Hacker News new | ask | show | jobs
by wvenable 3166 days ago
> Sparse heterogeneous data is often the type of data stored in NoSQL dbs.

I still can't imagine what sparse heterogeneous data exists in the world that makes sense to store. Any type of querying or processing requires some kind of structure (even if implicit in the code) which you can just put in different table structures.

You have to make sense of data to process it and that kind of implies a structure, doesn't it? Am I missing some obvious example of heterogeneous data?

2 comments

Customer Analytical Record / Feature Engineering Store

One customer column, tens of thousands of attribute columns.

If you need everything about a customer it is a single, O(1) fetch operation which makes it perfect for driving chat bots, call centres, websites, operational decisioning engines, dashboards etc.

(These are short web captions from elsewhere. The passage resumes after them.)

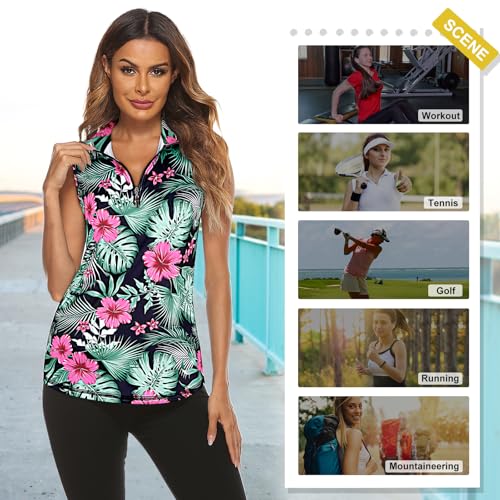 Image of Koscacy Women's Sleeveless Golf Tennis Polo Shirts Zip Up Dry Fit Workout Tank Tops Athletic Shirt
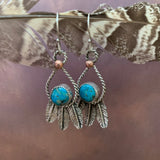 Small round Kingman Turquoise and Sterling Silver Feather hook earrings
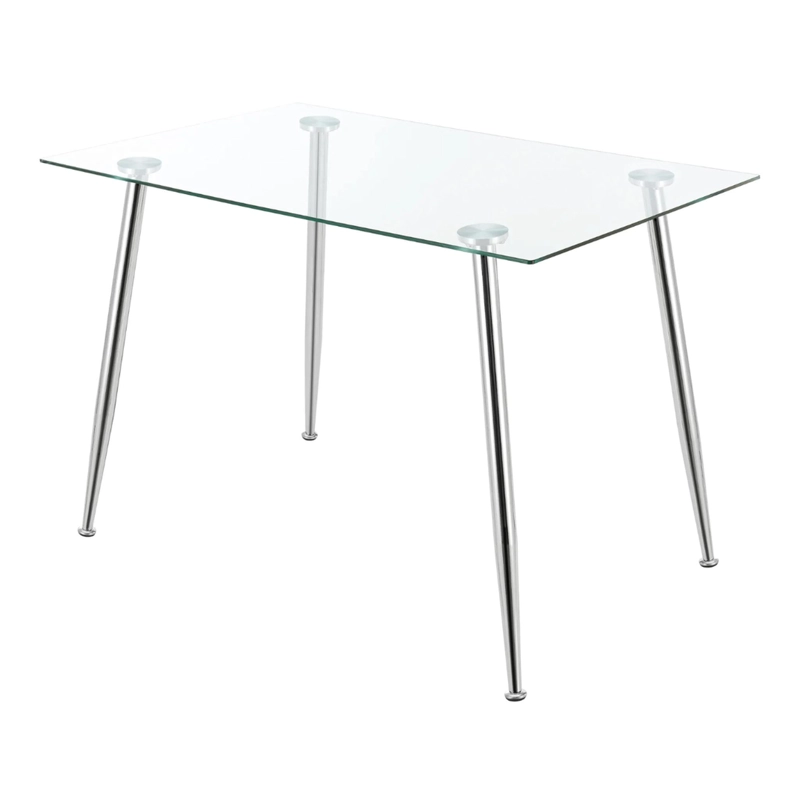 COMEDOR MESA RECTANGULAR VITREO 130X80 + 4 SILLA DINING BLANCA - 9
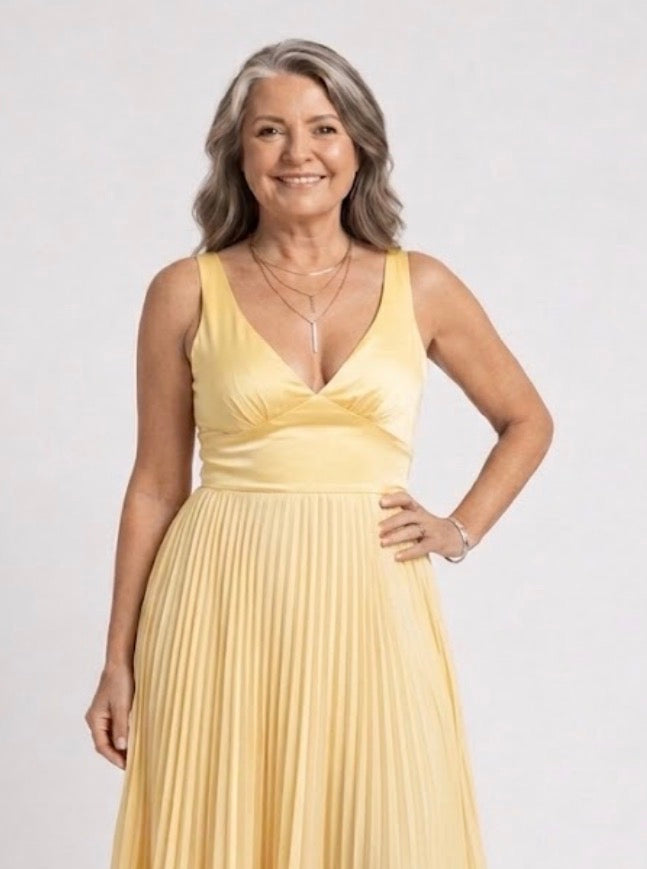 Stella & Grace™ | V-Neck Pleated Maxi Dress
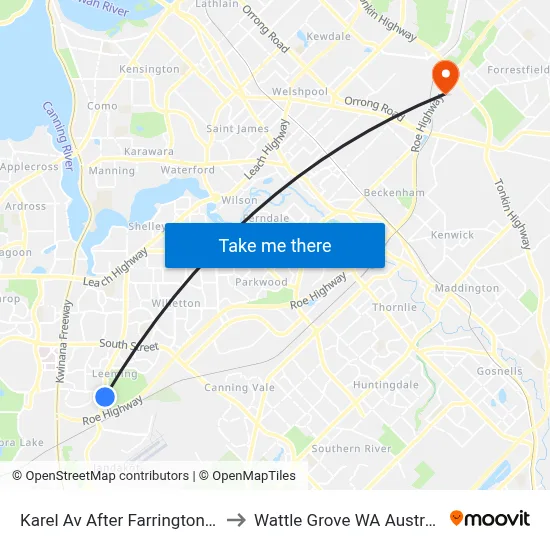 Karel Av After Farrington Rd to Wattle Grove WA Australia map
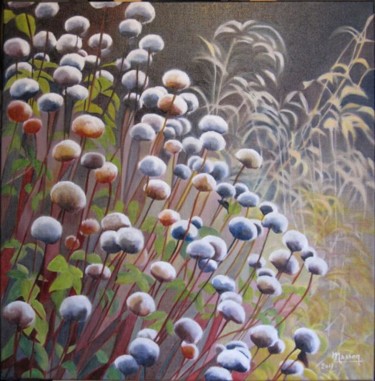 Painting titled "givre" by Dany Masson, Original Artwork, Oil Mounted on Wood Stretcher frame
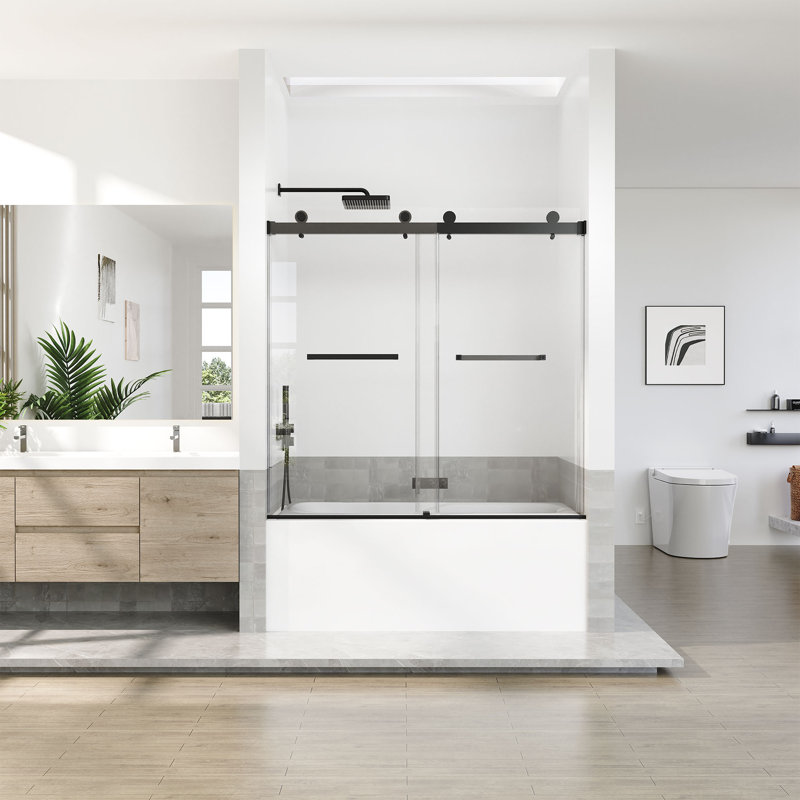 56-60 in. W x 66 in. H Double Sliding Frameless Bathtub Door with 3/8 in Tempered Clear Glass, Matte Black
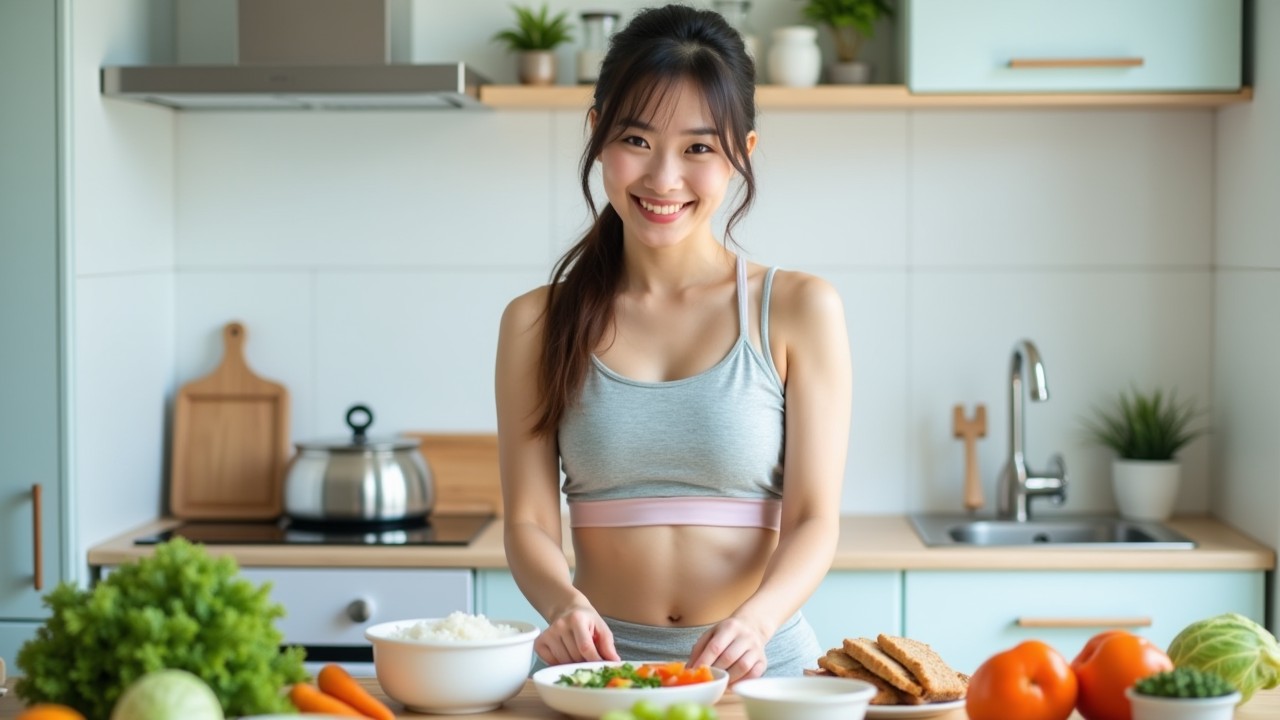 장폐색 예방을 위한 건강한 식단과 생활습관을 실천하는 모습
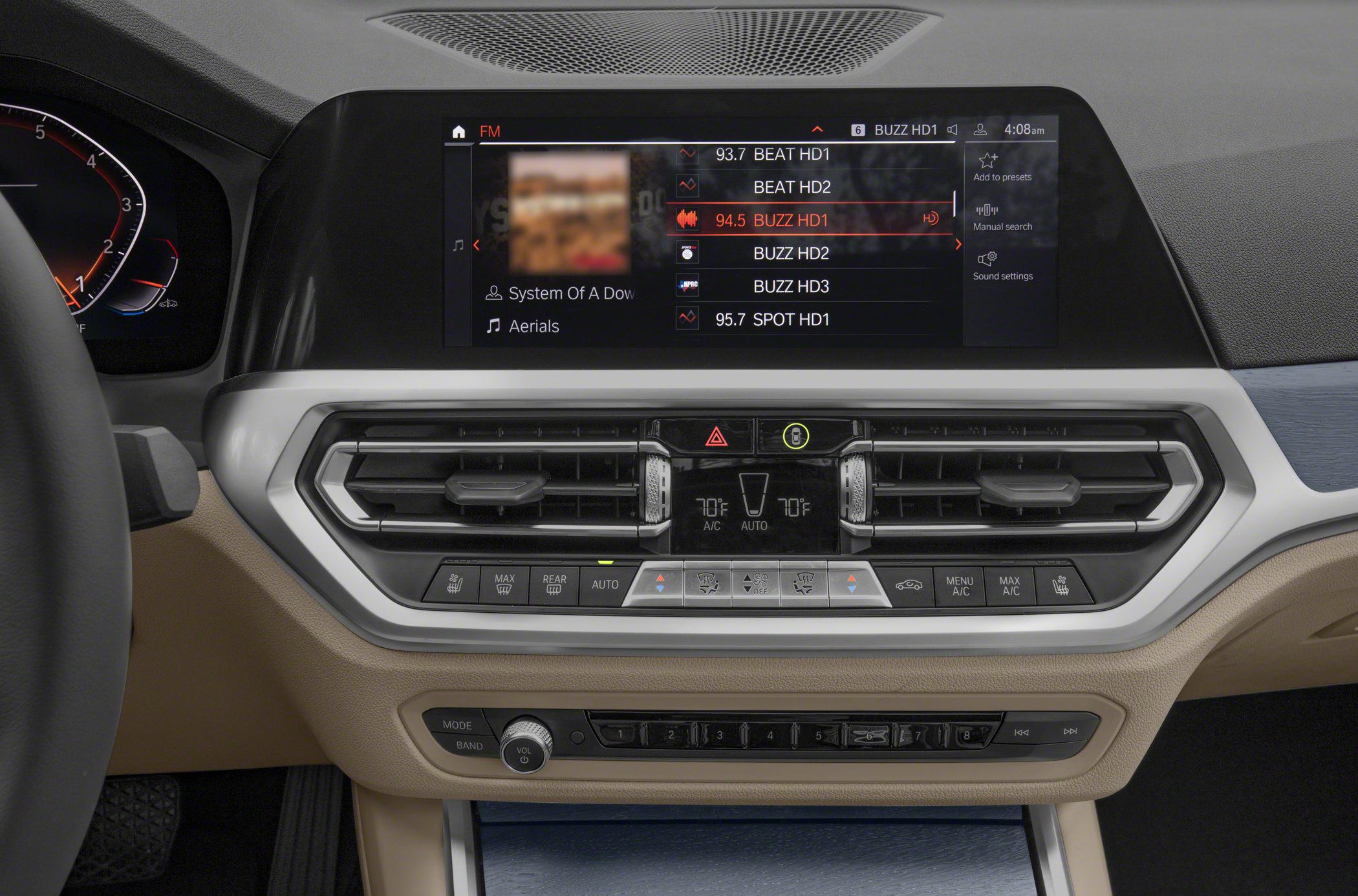 Multimedia display and climate control panel with temperature and presets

Almost every large company will have one of these.

You can't really do it in relational systems properly because (a) you hit the column limit, (b) often it is sparse i.e. lots of NULLs everywhere, (c) you need this system to be distributed since it often gets a lot of load.

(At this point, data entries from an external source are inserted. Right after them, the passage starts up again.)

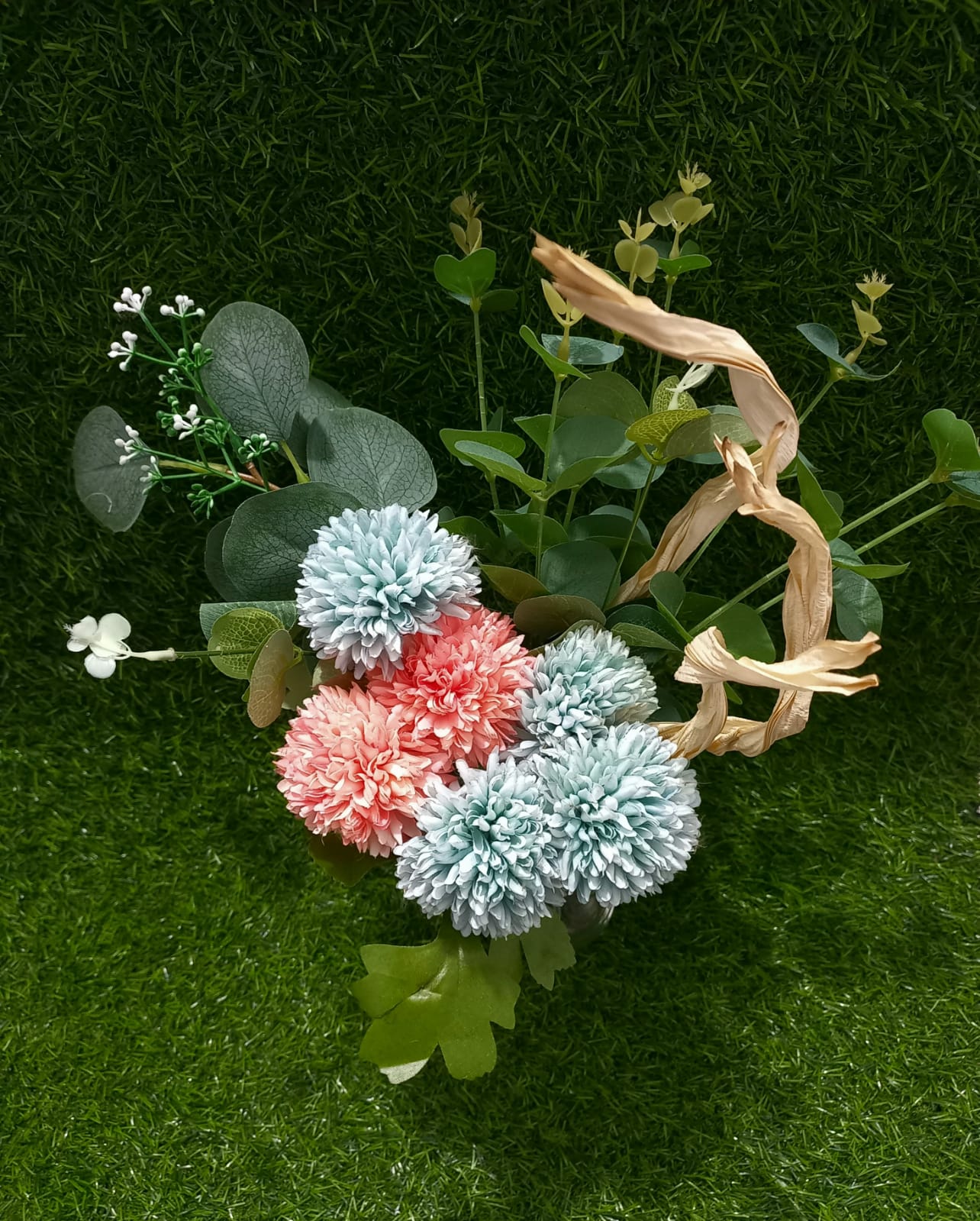 Blue peach flowers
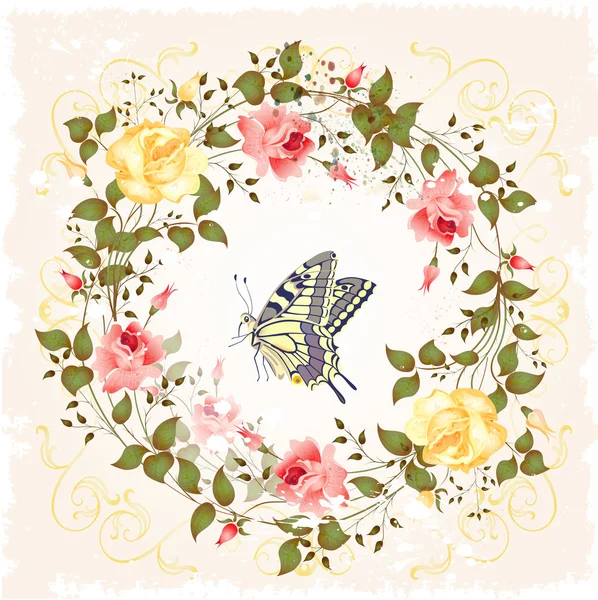 Vintage wreath of roses and butterfly — Stock Vector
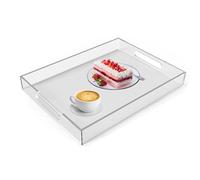1pcs Acrilico Trasparente Vassoio per Dessert Frutta Snacks Rettangolare Display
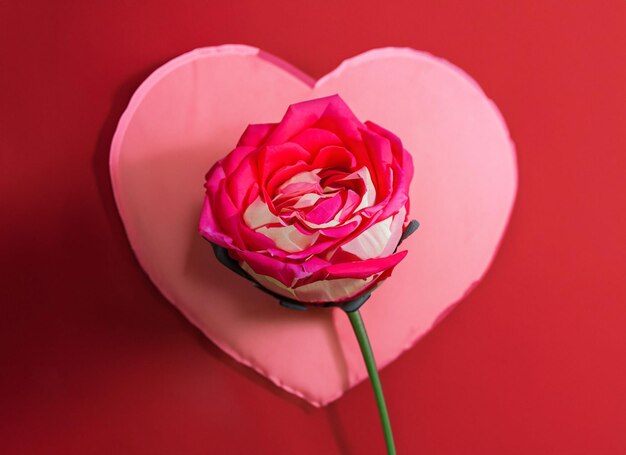 Flowers heart with red background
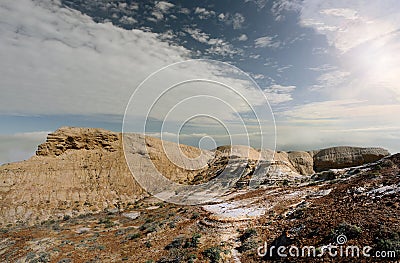 Panorama of the plateau Shalkar-Nura. Ustyurt Stock Photo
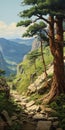 Terragen-inspired Painting Of A Peculiar Poplar On A Mountain Path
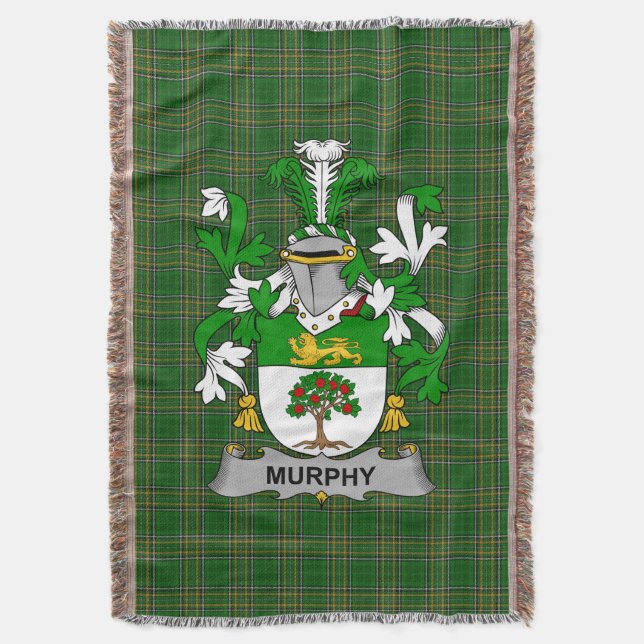 Irish Murphy (Wexford) Coat of Arms Family Crest  Throw Blanket (Front Vertical)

What would the attribute columns consist of? My experience has been with named columns defined individually by humans, of which I've never seen more than a few hundred; how do you get tens of thousands? Are they a different kind of thing?
Most companies who do it purely by humans can easily get into the thousands of attributes. Have seen it many times before where you hit the column limit of a SQL database.

But where you get into tens/hundreds of thousands is when you have machine learning models automatically selecting and storing important features from the data.

Tick (market) data is another good example of this. A given 'Tick' is just an event that can have any of up to thousands of different attributes set (often just a handful).